Parking Lots Proliferate at Twin River Casino


LINCOLN, R.I. — Getting a parking lot built in Rhode Island typically requires permits and review by state agencies and local officials. But in one case a large lot at Twin River Casino inexplicably appeared next to a wetland.

In February 2007, two officials from the Rhode Island Department of Environmental Management (DEM) discovered the 308-space parking lot during an inspection for a separate 9.9-acre parking expansion. The 2.27-acre lot was previously a grassy field on the outskirts of Twin River’s property. The project wasn’t in any plans the DEM had seen, and it had a significant problem: runoff from the lot drained directly into a nearby wetland.

DEM suspended Twin River’s application for the larger parking lot project, designated for special event parking, until the matter was rectified. A mound of construction fill located within a restricted riverbank wetland area also was discovered during the site inspection.

Twin River complied by constructing a berm to divert the runoff and removed the fill pile. The lot remained, and the 9.9 acres of parking lot with 1,370 spots was built soon after.

DEM reports indicate that the 2.27-acre lot wasn’t a critical habitat, but it did note that runoff from the lot channeled into a small pond and wetland area that feeds into Olney Pond, the popular recreation area with a public beach at nearby Lincoln Woods.

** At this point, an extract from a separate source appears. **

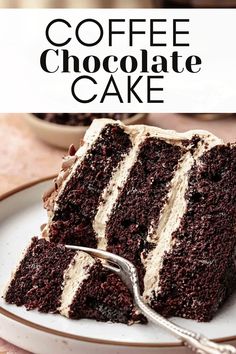 a piece of chocolate cake on a plate with a fork and the words coffee chocolate cake above it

No application, however, was ever filed for the project with the town of Lincoln or any state agency. A Lincoln official explained that a parking lot of that size should have required a review by both the town and DEM.

The DEM oversees all parking lot permitting at the state-operated casino. “In the case of Twin River, actual harm to wetland areas was minimal and quickly resolved. A drainage design was developed that complied with the stormwater rules in effect at that time, and we were able to move on with review of the other new parking areas,” DEM spokeswoman Gail Mastrati wrote in an e-mail.

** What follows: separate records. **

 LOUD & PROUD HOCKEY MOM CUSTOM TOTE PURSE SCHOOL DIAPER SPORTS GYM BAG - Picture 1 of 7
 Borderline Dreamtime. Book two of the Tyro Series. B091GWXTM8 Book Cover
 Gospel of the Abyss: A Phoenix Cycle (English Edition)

The DEM has reported no other instances of unauthorized construction at Twin River.

Twin River spokeswoman Patti Doyle described the matter as a nonstory, noting that the parking lot was built more than six years ago under different ownership, BLB Investors Inc.

The casino is now owned by Twin River Worldwide Holdings Inc. The names of the 140 investors in the ownership group was released by the state Department of Business Regualtion in October after a request by the Providence Journal. The consortium consists of banks, investment firms and hedge funds, including subsidiaries of Bank of America and Bain Capital.

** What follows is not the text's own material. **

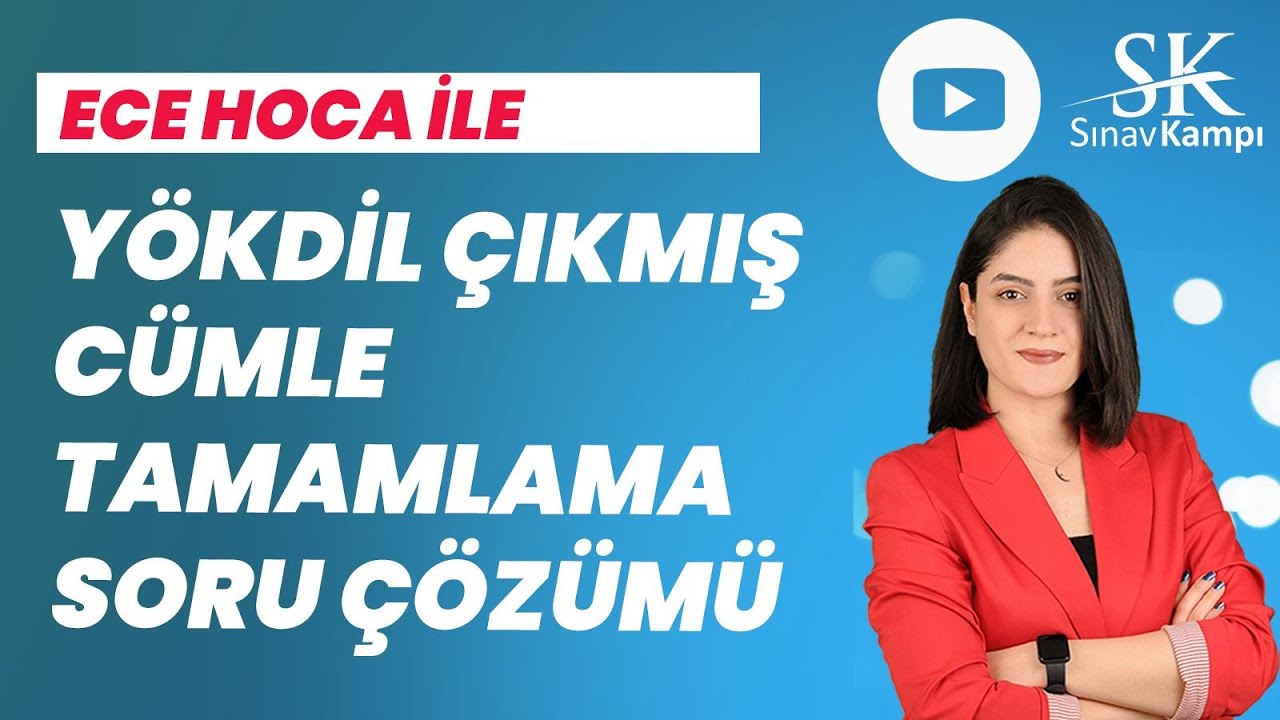 YÖKDİL ÇIKMIŞ CÜMLE TAMAMLAMA SORU ÇÖZÜM DERSİ I ECE HOCA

Doyle said the builder or subcontractor would have had to secure approval for the parking lot permits. DEM regulations, however, require both the owner and developer to secure the permits.

Nevertheless, a paved parking lot with 300-plus spaces was built at one of the state’s most popular destinations, apparently without anyone’s approval.

In 2005, Twin River’s expansion project, including the new event parking lots, was issued a Certificate of Critical Economic Concern by the Rhode Island Economic Development Corporation (EDC). The designation accelerates the permitting process with an “expedited review” and “priority” handling and processing by state agencies and departments.

The DEM emphasized that the fast-track approval is not to blame for the parking lot issue. “Although such designation did not affect regulatory requirements whatsoever, DEM was obligated to work with applicants to obtain necessary approvals in as expeditious a manner as practicable,” Mastrati wrote.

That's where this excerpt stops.